[Stored data entries]
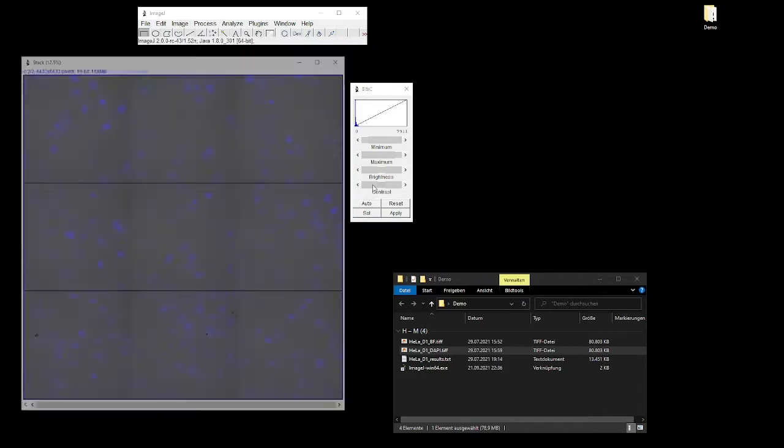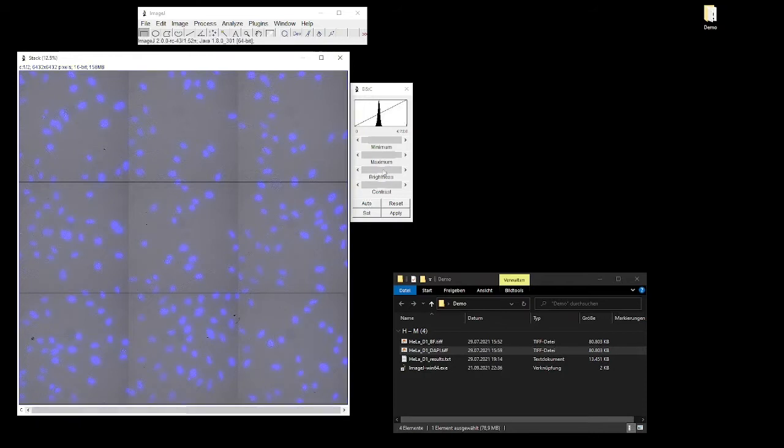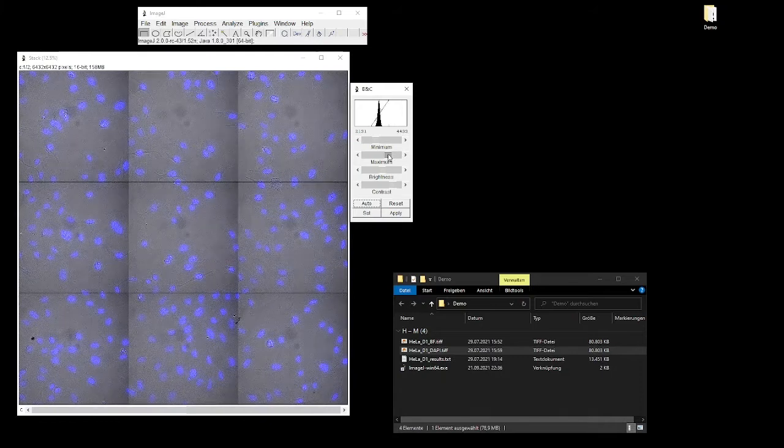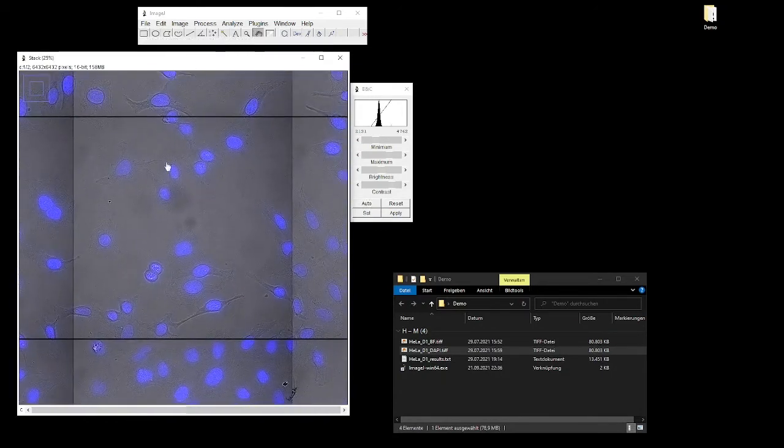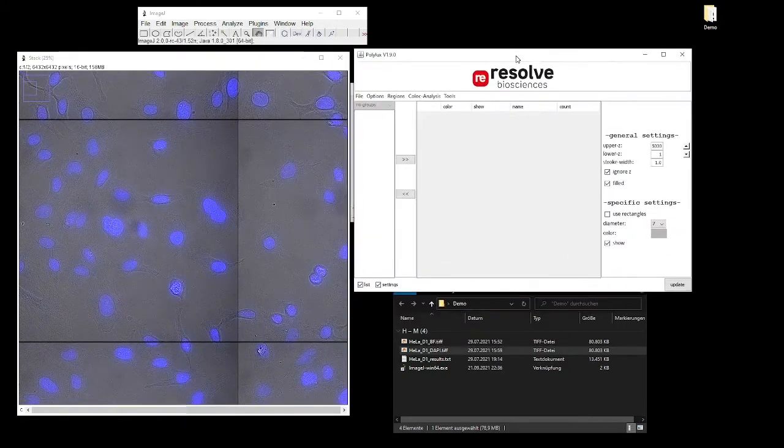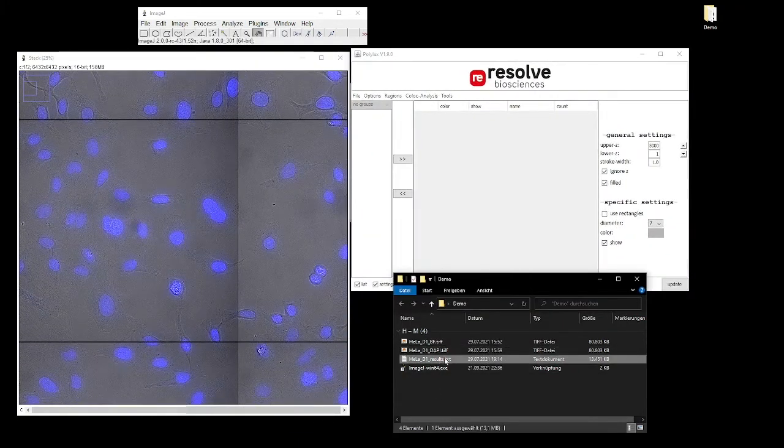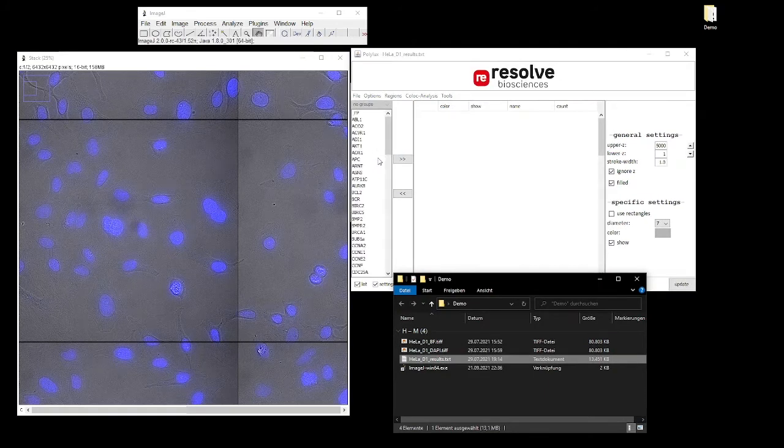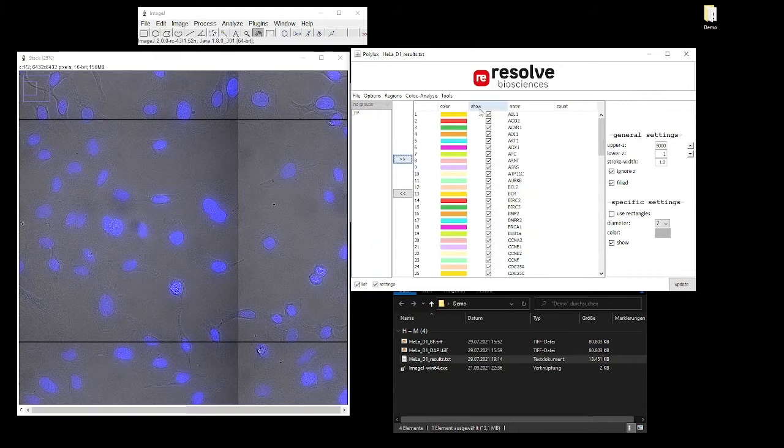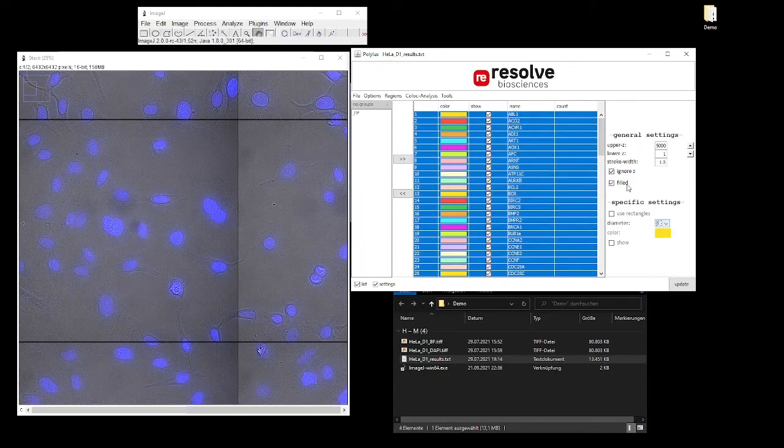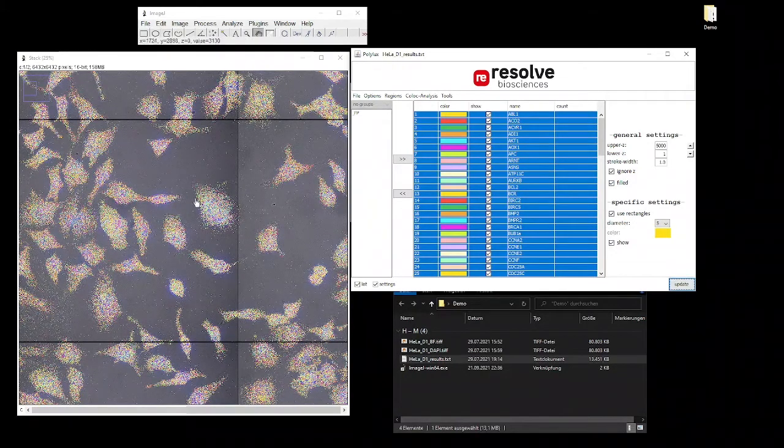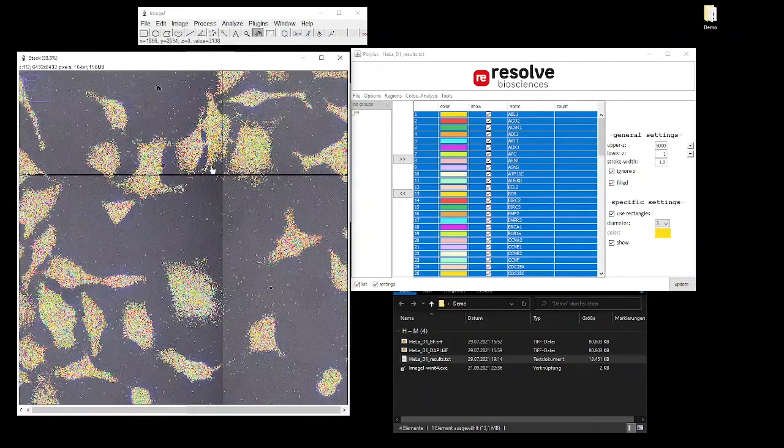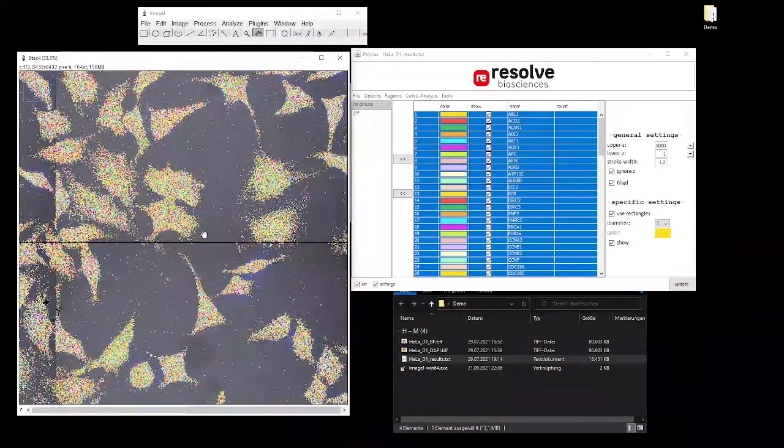The brightness and the intensity can be adjusted to make the picture look nice. Now we have opened the Resolve Molecular Cartography plugin and the transcript list can be loaded by simply drag and drop the text file into the list box and then we can select all transcripts.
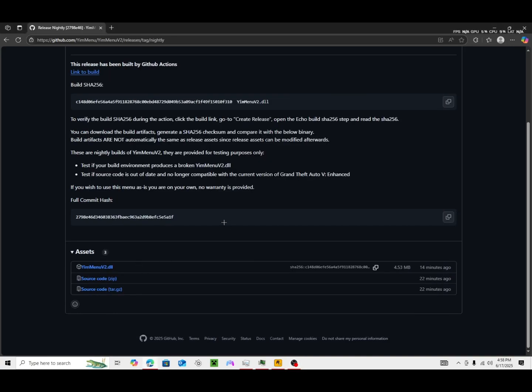Alright, GTA got an update, which means E-Menu also got an update. The new link is going to be in the description.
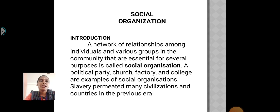Social Organization – Introduction: A network of relationships among individuals and various groups in the community that are essential for several purposes is called social organization. A political party, factory and colleges are examples of social organization. Slavery permitted many civilizations and countries in the previous era.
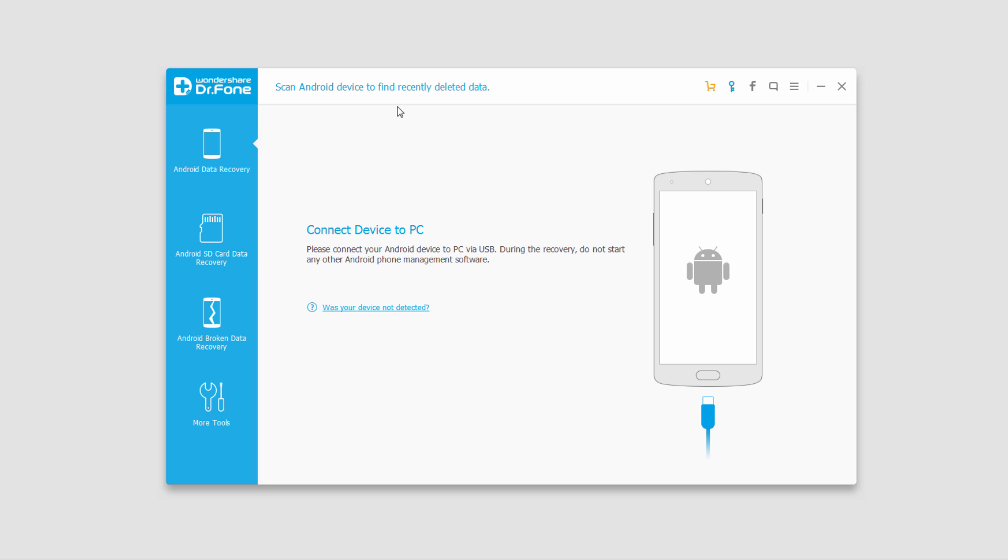So when you first launch the program it should look something like this. And what we're going to do is connect our Android device to our computer.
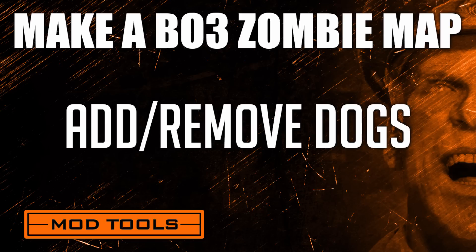Hello, my name is Cory from viamods.com and in this video I'll be showing you how to add or remove the dogs, that way you can get past round 5, whichever method you choose.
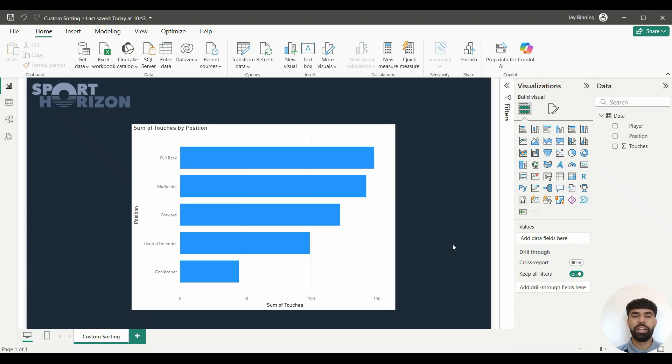Hello everyone and welcome back to the Sport Horizon YouTube channel. I'm Jay, one of the data tutors, and in today's Power BI for Sport tutorial, I'm going to teach you how to order bars within your visual in Power BI.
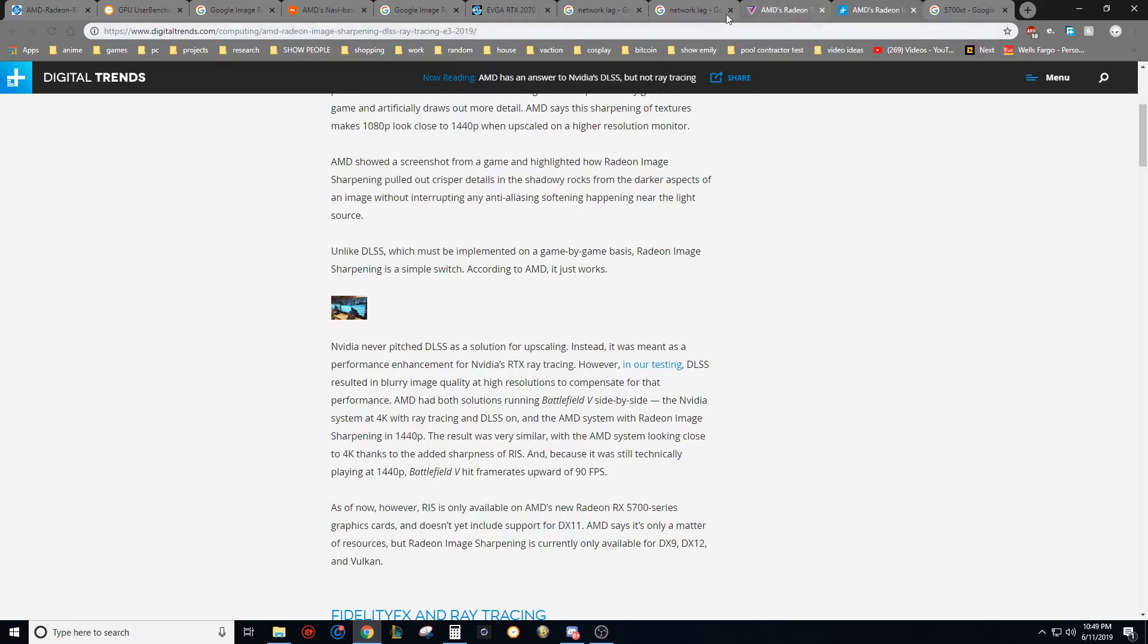And so over here at Digital Trends, they go to say AMD shows a screenshot highlighting the Radeon Image Sharpening pulled out a crisper detail. The shadows and rocks from darker aspects of an image without interrupting any anti-aliasing softening happening near the light sources. Unlike DLSS, which must be implemented on a game by game basis, Radeon Image Sharpening is a simple switch according to AMD. It just works. And so that is an awesome thing. It's going to work in every single game, just like the input reduction technology that they've come out with.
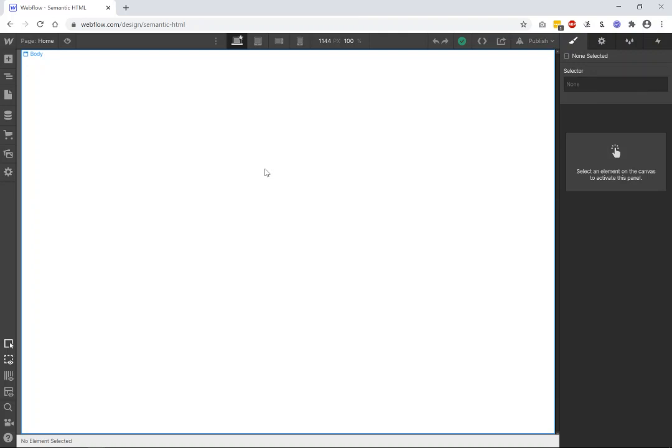All right, welcome back to another web development video where I show you how to make modern websites using HTML5, CSS3, and a little bit of JavaScript.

_What is needed_.
What is needed here is an exact copy of every record, with the pictures left out.

_Task result_.
The brightness and the intensity can be adjusted to make the picture look nice. Now we have opened the Resolve Molecular Cartography plugin and the transcript list can be loaded by simply drag and drop the text file into the list box and then we can select all transcripts.
Alright, GTA got an update, which means E-Menu also got an update. The new link is going to be in the description.
Social Organization – Introduction: A network of relationships among individuals and various groups in the community that are essential for several purposes is called social organization. A political party, factory and colleges are examples of social organization. Slavery permitted many civilizations and countries in the previous era.
So when you first launch the program it should look something like this. And what we're going to do is connect our Android device to our computer.
Hello, my name is Cory from viamods.com and in this video I'll be showing you how to add or remove the dogs, that way you can get past round 5, whichever method you choose.
Hello everyone and welcome back to the Sport Horizon YouTube channel. I'm Jay, one of the data tutors, and in today's Power BI for Sport tutorial, I'm going to teach you how to order bars within your visual in Power BI.
And so over here at Digital Trends, they go to say AMD shows a screenshot highlighting the Radeon Image Sharpening pulled out a crisper detail. The shadows and rocks from darker aspects of an image without interrupting any anti-aliasing softening happening near the light sources. Unlike DLSS, which must be implemented on a game by game basis, Radeon Image Sharpening is a simple switch according to AMD. It just works. And so that is an awesome thing. It's going to work in every single game, just like the input reduction technology that they've come out with.
All right, welcome back to another web development video where I show you how to make modern websites using HTML5, CSS3, and a little bit of JavaScript.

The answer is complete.